On the local parade ground on the Mitcham Road hundreds of troops had assembled in battle fatigues to do a final run through of the marching style. Riflemen from what I can tell have very good footwork.

Close to the time of departure for the parade through Croydon town centre a van equipped for people with disabilities pulled up and out rolled several wheelchairs with young men in them. These were the seriously wounded from the 2 Rifles last sixth-month tour in Afghanistan.

Eleven soldiers were seriously wounded with permanent injuries like amputations. Lieutenant Alex Horsfal was one of a number of men caught in an incident where five men lost their lives and several more were seriously wounded in Helmand.

Lieutenant Horsfal described it as an hour of tragedy. He has clearly mastered the art of understatement. He has lost a leg and several fingers; it has taken him three and a half months to get to where he is. He has a lifetime of challenge ahead.

But as soon as he emerged from the van he was surrounded by the men he commanded. Grown men don't cry of course, particularly when they are soldiers and TV cameras are around. But there was a stricken look on many faces.

This was the first time they had seen each other since Helmand.

Lieutenant Horsfal moves with some difficulty in his wheelchair but he approached his colleagues and offered each a hand and apologised if he had forgotten to shake anyone in particulars.

He was visibly relieved and happy to see his men back safely. He told them it was good to see them in one piece, no irony from a man in his condition.

When I was a young boy I spent a lot of time in Germany. In the 1960s it was still a common thing to see war amputees everywhere you went. The scars of modern war, you see, are not so easily concealed. There are always more injured than killed. It is those survivors who remind us more often of the cost of conflict.

These courageous young men in Croydon reminded me of those old soldiers. It was not something I had expected to see on London's streets.

As the men of 2 Rifles passed through the town centre the crowd cheered and at times it was a very intimate parade; just a hands width separating the thousands of well-wishers and marching troops.

Assembled outside Croydon Town Hall the civic leadership offered the soldiers the freedom of the City of Croydon. Lieutenant Horsfal and his fellow wounded soldiers were presented to the Mayor by Commanding Officer Lt Col Rob Thomson. It must have been a sobering moment to see these young men for the Mayor.

I overheard a number of the crowd expressing shock at seeing the condition of those particular young men.

Rob Thomson says it is a vital part of keeping up his men's morale; to know that their endeavours and sacrifice are not being overlooked. He pointed out it was a chance for the families of soldiers to feel less isolated from the public and to feel that their soldiering folk are appreciated.
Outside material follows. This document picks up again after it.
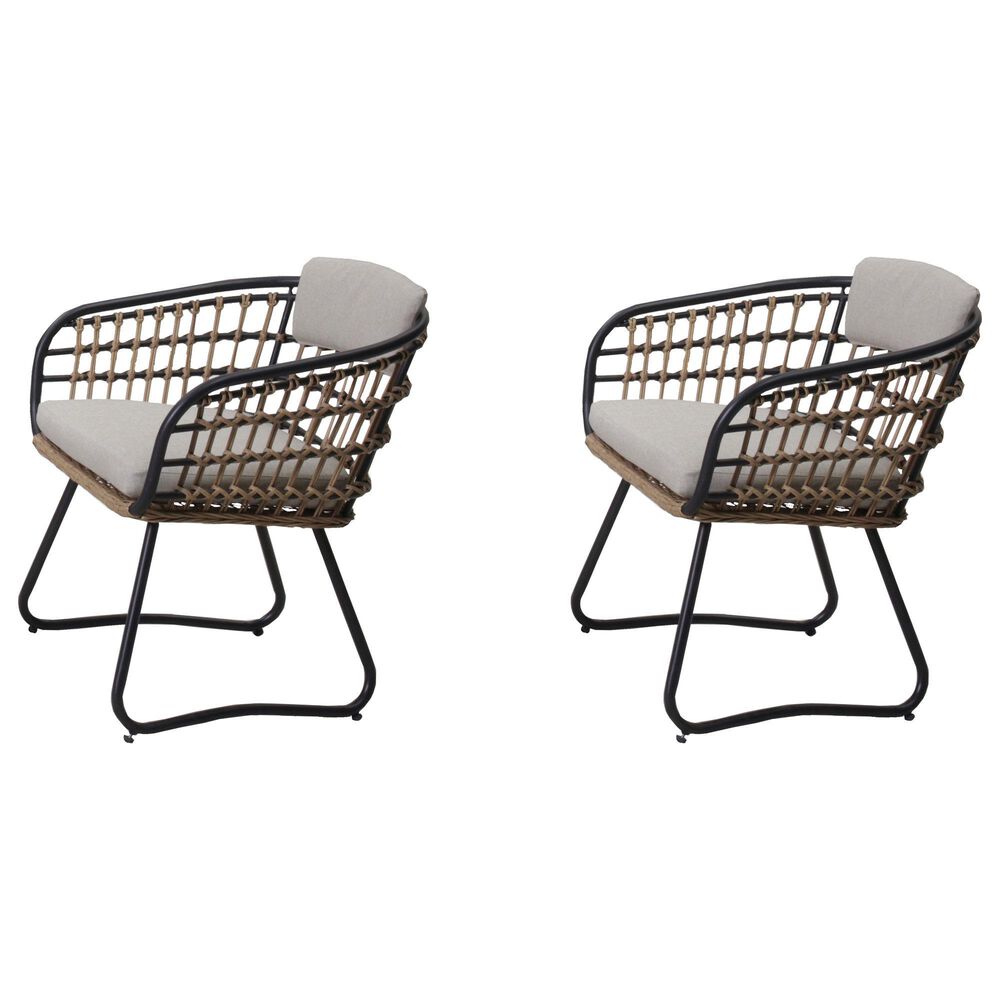 Hearth and Haven Outdoor Wicker Dining Chair with Adjustable Legs in Beige (Set of 2), , large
We are good at military pageantry. The marching band and the crisp drill of the soldiers are quite a sight. Even Army bands have a sense of humour these days. They played the theme tune from Star Wars and Indiana Jones along with more traditional scores.

People are repeatedly showing they are keen to turn out to show their appreciation and respect for these young soldiers who are increasingly paying a high price for our Middle Eastern policy.

But there is another side to these parades which is making people uncomfortable, myself included. Having been at a number of these parades over the past few years I get the sense that Londoners are beginning to witness first hand the real human cost of this Middle Eastern engagement.